This was consoling to Milly, who was half ashamed of her sudden fears, and now that the boat ceased to rock and plunge so wildly she began to recover her courage; and it was rather grand to be helping Pickle to pull the old boat round. She could do that quite well, as well as help Bertie with the bailing out, which he only prosecuted languidly, looking almost ready to cry. His face had a sickly greenish hue too, which rather distressed Milly, but Pickle said,—

"He's only seasick. Puck felt like that once or twice. He'll be better soon."

When the boat was really headed for the shore, Pickle tried experiments with the sail; but do as he would, he couldn't make the boat sail towards land. It would sail away, or it would sail sideways, but towards shore it would not go; and indeed they seemed to be getting slowly farther and farther away, and Bertie suddenly burst into miserable crying, begging to be taken home, because he was so very poorly.

Pickle was beginning to wish very sincerely that they had never left their island.
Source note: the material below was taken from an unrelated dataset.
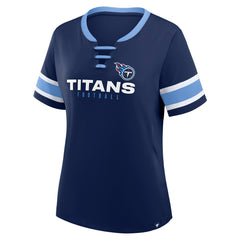 Tennessee Titans Women's Redzone Draw Play Athena Lace-Up T-Shirt Navy | Fanatics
He looked back towards it with longing eyes. It would be a real city of refuge now, but alas! it looked almost as far away as the mainland.

"Can't we row to it?" asked Milly, following the direction of his eyes. "I'm quite cool now. I'm rather cold. I should like to row if we can't sail. We got out here so very quickly, it can't take so very long to row back."

It seemed the only thing to do, and Pickle consented to try. He took one oar, and Milly the other. Puck kept the tiller, and put the boat's head for their city of refuge, whilst Bertie lay along the bottom of the boat, heedless of damp or discomfort, only longing to be at home in his little bed.

"I hope father won't call it being a cockney," he once said pitifully to Milly, "but I can't help it. I do feel so sick. I wish we'd never come."

"I dare say Cornish boys are sometimes sick at sea," answered Milly consolingly. She hardly knew whether she wished they had not come or not. There was something rather exciting in the adventure, and if only they could get back to their city of refuge she thought she should be quite glad. It would make them feel that they really were sailors, to be able to manage a boat in a storm.

Milly had her back to the shore now, and was pulling her oar very manfully. She thought they seemed to be going very fast through the water, though the waves were rather bigger than she liked, and seemed sometimes to rise up very near the edge of the boat. Still she thought they seemed to be getting through them very fast, and made up her mind that they would soon be at their journey's end now. She almost wondered why Puck did not exclaim that they were close in now. He only sat holding the tiller with a very solemn expression on his face.

"The waves are getting very big," he said at last; "I don't much like the look of them. This boat doesn't swim nicely, like the Swan. They look as though they'd come in on us every time."